For those who prefer the convenience of online transactions, the IRS offers an Online Payment Agreement tool. This tool allows you to set up a payment plan without the need for paper forms or phone calls. Here’s how to use it:

  1. Access the Tool: Visit the IRS website and search for the Online Payment Agreement tool.
  2. Provide Information: Enter the required information, including your tax identification number, the amount you owe, and the proposed monthly payment amount.
  3. Choose Payment Date: Select a convenient date for your monthly payment.
  4. Review and Confirm: Review the terms of the agreement and confirm your request.
  5. Receive Confirmation: Once your online payment agreement is accepted, you will receive a confirmation notice from the IRS.
  • Seek Professional Assistance

Dealing with IRS tax debt can be complex, especially if you owe a substantial amount or have unique financial circumstances. Enlisting the help of a qualified tax professional, such as a tax attorney, certified public accountant (CPA), or enrolled agent, can greatly enhance your ability to navigate the process successfully.
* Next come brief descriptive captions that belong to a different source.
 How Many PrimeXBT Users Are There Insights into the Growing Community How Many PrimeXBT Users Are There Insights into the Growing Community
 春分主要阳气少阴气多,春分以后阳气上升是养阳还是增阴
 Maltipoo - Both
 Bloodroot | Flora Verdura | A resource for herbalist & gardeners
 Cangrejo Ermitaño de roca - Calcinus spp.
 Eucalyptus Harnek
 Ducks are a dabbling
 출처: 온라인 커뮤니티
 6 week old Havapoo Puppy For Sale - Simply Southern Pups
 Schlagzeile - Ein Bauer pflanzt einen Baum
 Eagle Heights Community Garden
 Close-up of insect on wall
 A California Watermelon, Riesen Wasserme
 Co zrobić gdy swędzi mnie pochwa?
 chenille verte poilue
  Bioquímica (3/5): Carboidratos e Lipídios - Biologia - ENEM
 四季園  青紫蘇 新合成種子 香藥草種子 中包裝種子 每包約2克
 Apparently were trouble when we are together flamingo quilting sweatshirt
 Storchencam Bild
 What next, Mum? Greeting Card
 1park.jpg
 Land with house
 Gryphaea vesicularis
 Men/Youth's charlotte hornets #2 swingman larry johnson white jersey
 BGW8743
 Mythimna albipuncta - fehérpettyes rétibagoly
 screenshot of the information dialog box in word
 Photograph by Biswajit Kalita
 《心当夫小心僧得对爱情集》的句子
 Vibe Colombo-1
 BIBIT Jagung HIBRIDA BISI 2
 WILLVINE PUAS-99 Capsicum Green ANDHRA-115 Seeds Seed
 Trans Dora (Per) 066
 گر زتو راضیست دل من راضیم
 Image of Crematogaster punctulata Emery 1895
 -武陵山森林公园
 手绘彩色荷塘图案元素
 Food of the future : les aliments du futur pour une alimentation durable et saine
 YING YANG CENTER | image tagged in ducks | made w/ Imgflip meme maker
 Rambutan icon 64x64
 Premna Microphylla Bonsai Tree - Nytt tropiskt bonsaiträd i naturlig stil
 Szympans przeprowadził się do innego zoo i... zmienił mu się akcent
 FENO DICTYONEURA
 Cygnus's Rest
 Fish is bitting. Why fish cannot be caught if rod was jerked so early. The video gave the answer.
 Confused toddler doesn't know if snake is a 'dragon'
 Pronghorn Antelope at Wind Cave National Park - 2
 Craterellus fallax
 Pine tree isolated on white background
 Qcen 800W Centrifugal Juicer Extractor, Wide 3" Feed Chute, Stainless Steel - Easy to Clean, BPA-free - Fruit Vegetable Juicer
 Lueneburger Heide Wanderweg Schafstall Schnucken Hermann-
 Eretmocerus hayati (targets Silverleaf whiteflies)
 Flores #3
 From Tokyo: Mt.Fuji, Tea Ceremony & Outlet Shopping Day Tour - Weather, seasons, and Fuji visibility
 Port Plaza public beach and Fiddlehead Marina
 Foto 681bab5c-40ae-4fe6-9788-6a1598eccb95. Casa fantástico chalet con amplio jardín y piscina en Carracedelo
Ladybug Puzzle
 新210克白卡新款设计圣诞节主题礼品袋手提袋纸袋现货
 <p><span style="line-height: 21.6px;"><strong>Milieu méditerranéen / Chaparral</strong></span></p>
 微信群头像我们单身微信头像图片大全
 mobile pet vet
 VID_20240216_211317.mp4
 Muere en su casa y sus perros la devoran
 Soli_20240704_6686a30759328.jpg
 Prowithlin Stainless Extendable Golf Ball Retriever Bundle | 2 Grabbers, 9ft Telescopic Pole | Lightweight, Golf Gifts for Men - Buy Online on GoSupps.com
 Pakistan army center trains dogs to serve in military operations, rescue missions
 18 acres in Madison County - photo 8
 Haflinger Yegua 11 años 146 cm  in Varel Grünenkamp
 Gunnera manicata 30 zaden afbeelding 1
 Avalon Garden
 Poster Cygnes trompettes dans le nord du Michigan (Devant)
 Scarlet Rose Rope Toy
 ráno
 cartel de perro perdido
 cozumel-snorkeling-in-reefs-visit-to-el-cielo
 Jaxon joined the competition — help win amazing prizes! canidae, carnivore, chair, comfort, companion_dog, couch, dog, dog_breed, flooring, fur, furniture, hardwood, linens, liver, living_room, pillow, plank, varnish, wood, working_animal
Tax professionals can:

  • Assess your eligibility for various IRS programs.
  • Prepare and submit the necessary forms and documentation accurately.
  • Negotiate with the IRS on your behalf for more favorable terms.
  • Provide expert guidance on the best course of action based on your financial situation.

While professional assistance may involve additional costs, the potential benefits in terms of reduced debt and minimized stress can make it a worthwhile investment.

Conclusion

Paying back taxes you owe to the IRS is a crucial step towards financial stability and peace of mind. Start by assessing your tax debt, contacting the IRS to establish communication, and exploring your payment options. Whether you choose to make a full payment, set up an installment agreement, apply for an Offer in Compromise, or seek professional assistance, taking proactive steps is key to resolving your tax debt successfully. Remember that timely action is essential to minimize penalties, interest, and potential legal consequences.